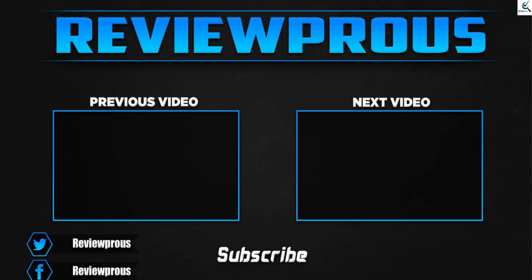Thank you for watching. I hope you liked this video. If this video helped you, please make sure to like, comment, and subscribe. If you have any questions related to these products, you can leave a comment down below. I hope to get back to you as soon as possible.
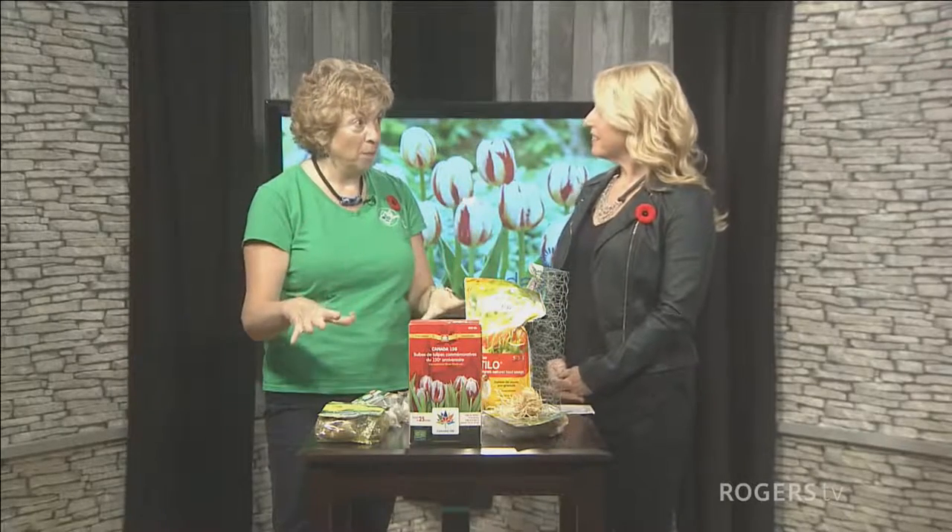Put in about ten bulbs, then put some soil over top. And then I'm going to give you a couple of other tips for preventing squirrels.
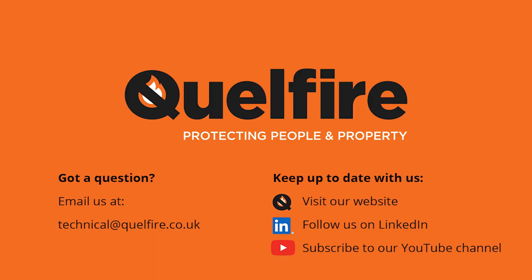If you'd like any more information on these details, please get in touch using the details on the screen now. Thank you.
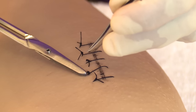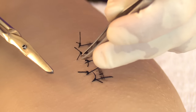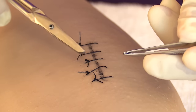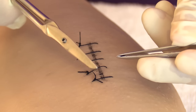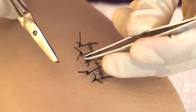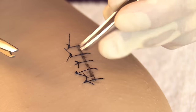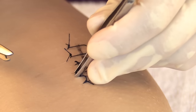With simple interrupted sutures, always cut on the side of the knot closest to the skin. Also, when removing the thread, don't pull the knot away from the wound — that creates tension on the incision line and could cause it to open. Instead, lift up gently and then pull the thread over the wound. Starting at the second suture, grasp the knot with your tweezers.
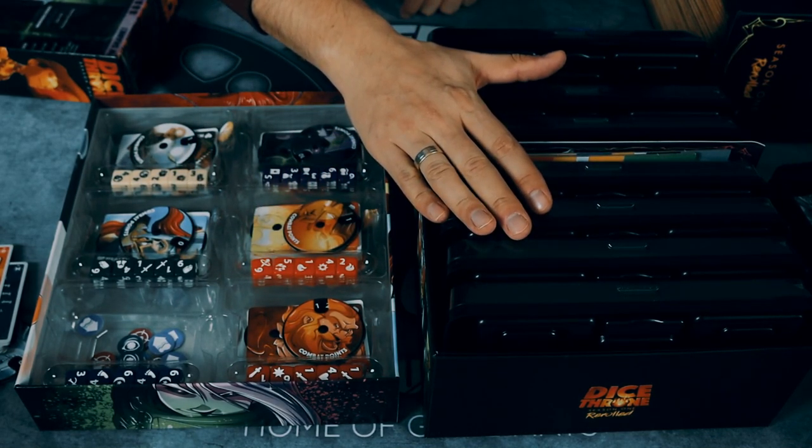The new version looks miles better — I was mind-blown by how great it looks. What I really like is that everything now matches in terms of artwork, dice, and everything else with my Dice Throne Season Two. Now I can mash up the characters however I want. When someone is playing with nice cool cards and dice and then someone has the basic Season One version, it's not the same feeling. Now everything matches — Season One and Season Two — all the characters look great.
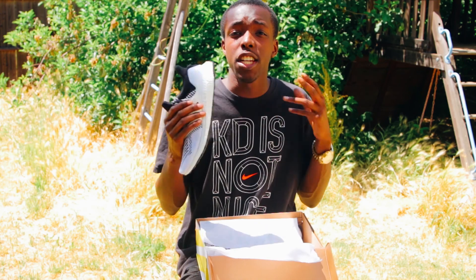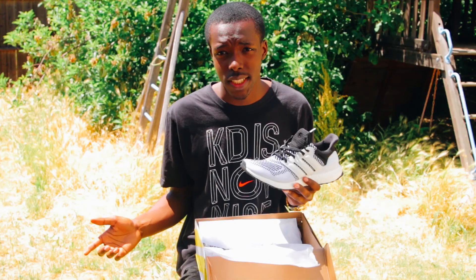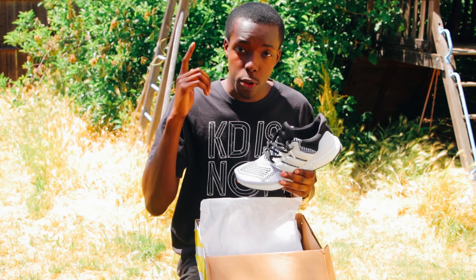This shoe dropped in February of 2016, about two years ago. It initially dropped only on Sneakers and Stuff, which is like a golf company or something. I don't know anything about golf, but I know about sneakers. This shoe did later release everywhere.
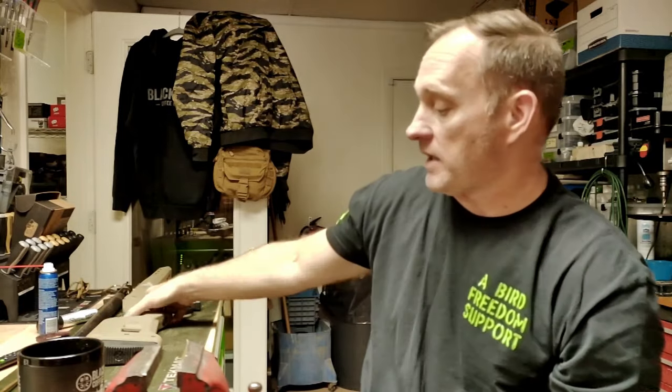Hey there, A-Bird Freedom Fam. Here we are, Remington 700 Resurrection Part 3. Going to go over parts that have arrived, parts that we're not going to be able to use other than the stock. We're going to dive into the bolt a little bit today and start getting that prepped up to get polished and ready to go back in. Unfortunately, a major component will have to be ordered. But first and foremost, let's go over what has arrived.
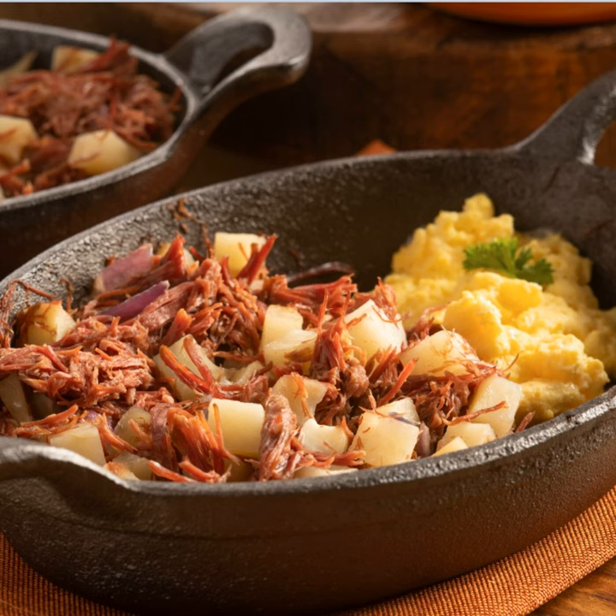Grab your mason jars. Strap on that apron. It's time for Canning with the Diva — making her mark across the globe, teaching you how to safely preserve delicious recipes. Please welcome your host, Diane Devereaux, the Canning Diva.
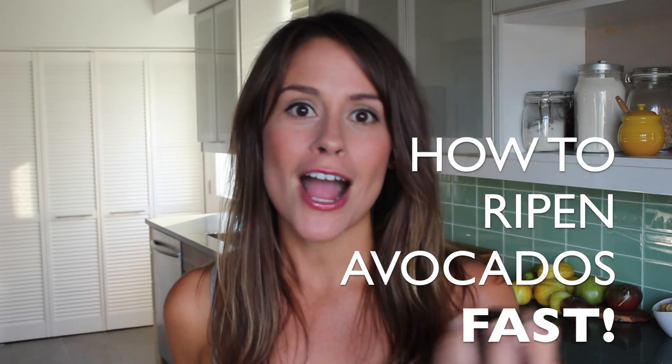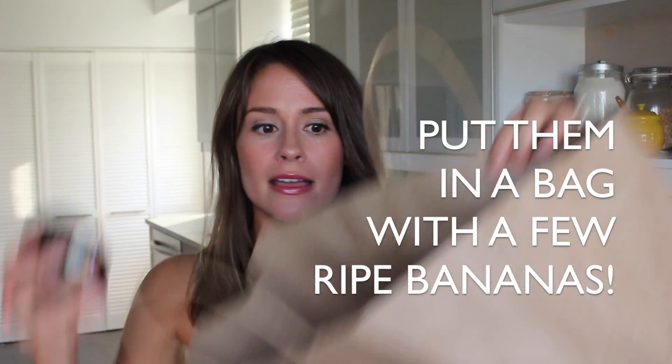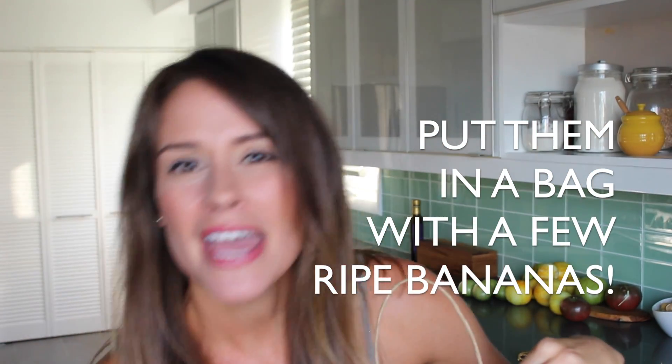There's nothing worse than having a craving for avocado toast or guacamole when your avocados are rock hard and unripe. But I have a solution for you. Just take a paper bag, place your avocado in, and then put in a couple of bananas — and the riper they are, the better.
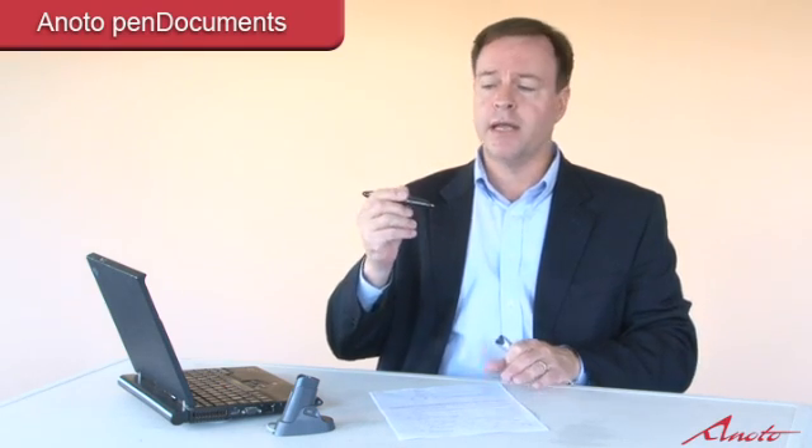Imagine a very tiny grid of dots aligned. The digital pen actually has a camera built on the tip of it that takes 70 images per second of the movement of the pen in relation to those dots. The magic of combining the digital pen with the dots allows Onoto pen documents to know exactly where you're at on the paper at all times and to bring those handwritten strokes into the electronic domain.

————————

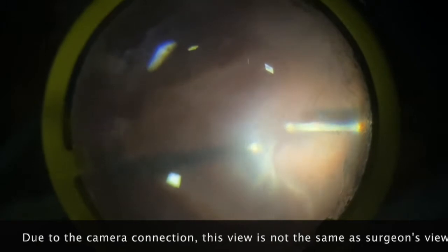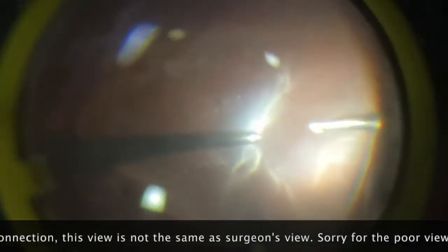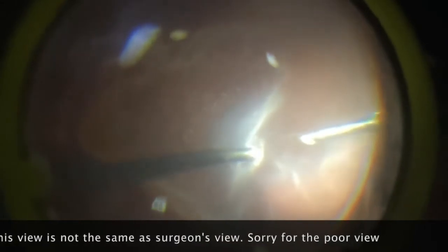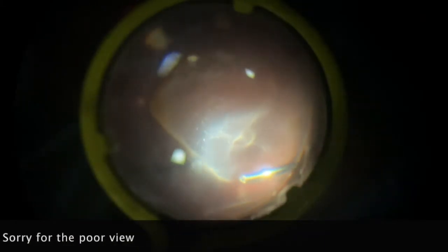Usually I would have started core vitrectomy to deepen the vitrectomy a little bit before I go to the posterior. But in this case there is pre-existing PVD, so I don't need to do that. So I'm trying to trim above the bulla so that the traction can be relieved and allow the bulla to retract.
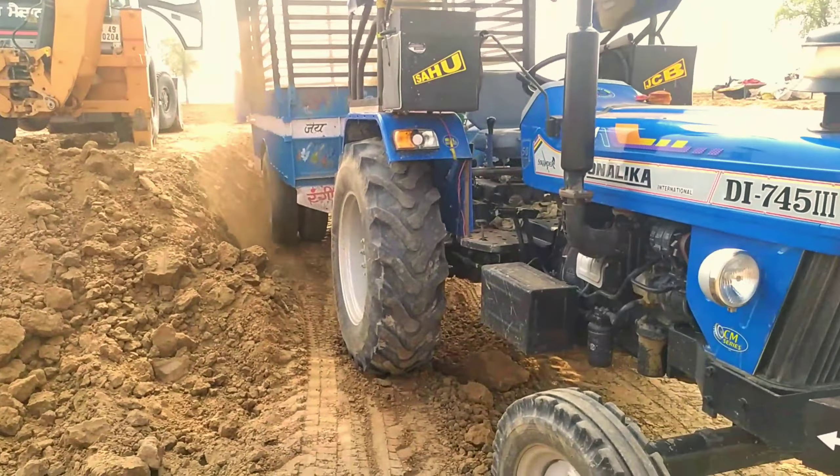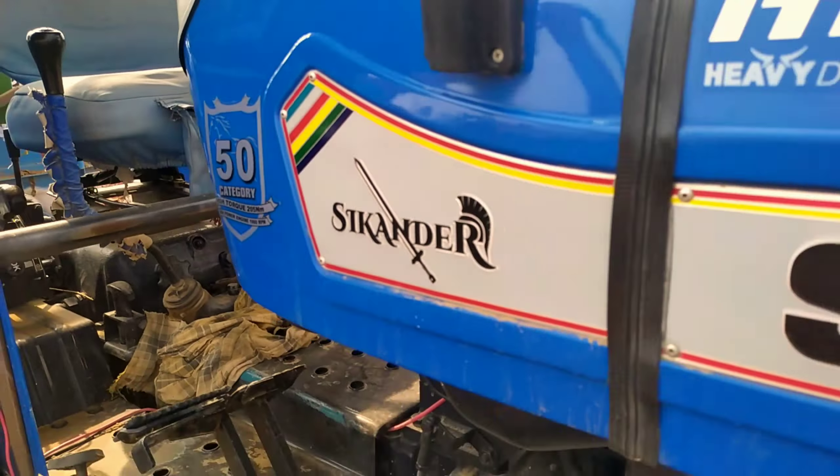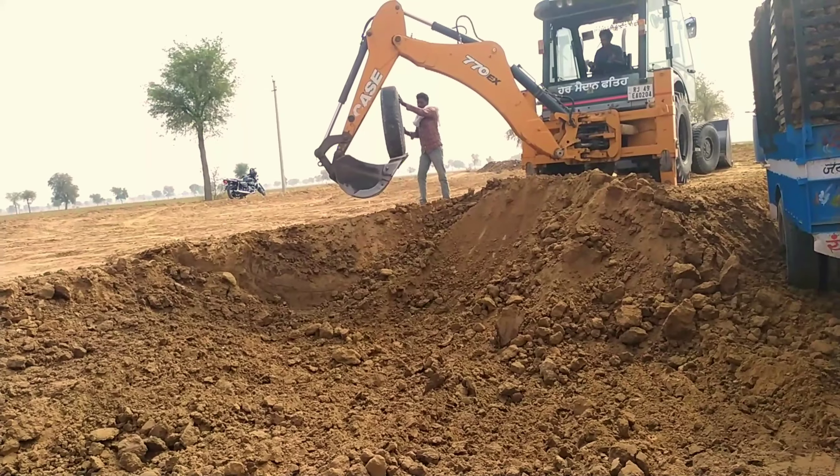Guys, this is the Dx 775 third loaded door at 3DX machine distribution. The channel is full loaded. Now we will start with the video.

————————

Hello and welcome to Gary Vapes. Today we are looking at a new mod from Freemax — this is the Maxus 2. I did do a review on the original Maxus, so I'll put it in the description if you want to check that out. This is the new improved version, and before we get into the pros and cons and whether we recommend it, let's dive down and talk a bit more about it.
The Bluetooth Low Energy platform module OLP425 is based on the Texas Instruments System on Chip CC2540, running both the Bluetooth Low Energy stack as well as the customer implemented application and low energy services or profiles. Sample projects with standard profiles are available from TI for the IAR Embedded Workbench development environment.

————————

> TASK OBJECTIVE: Precisely those lines above that run from the line with "Grab your mason" up to and including the line with "Imagine a very" are to be set down, with the pictures omitted.

> OUTPUT OF THE EXERCISE:
Grab your mason jars. Strap on that apron. It's time for Canning with the Diva — making her mark across the globe, teaching you how to safely preserve delicious recipes. Please welcome your host, Diane Devereaux, the Canning Diva.
There's nothing worse than having a craving for avocado toast or guacamole when your avocados are rock hard and unripe. But I have a solution for you. Just take a paper bag, place your avocado in, and then put in a couple of bananas — and the riper they are, the better.
Imagine a very tiny grid of dots aligned. The digital pen actually has a camera built on the tip of it that takes 70 images per second of the movement of the pen in relation to those dots. The magic of combining the digital pen with the dots allows Onoto pen documents to know exactly where you're at on the paper at all times and to bring those handwritten strokes into the electronic domain.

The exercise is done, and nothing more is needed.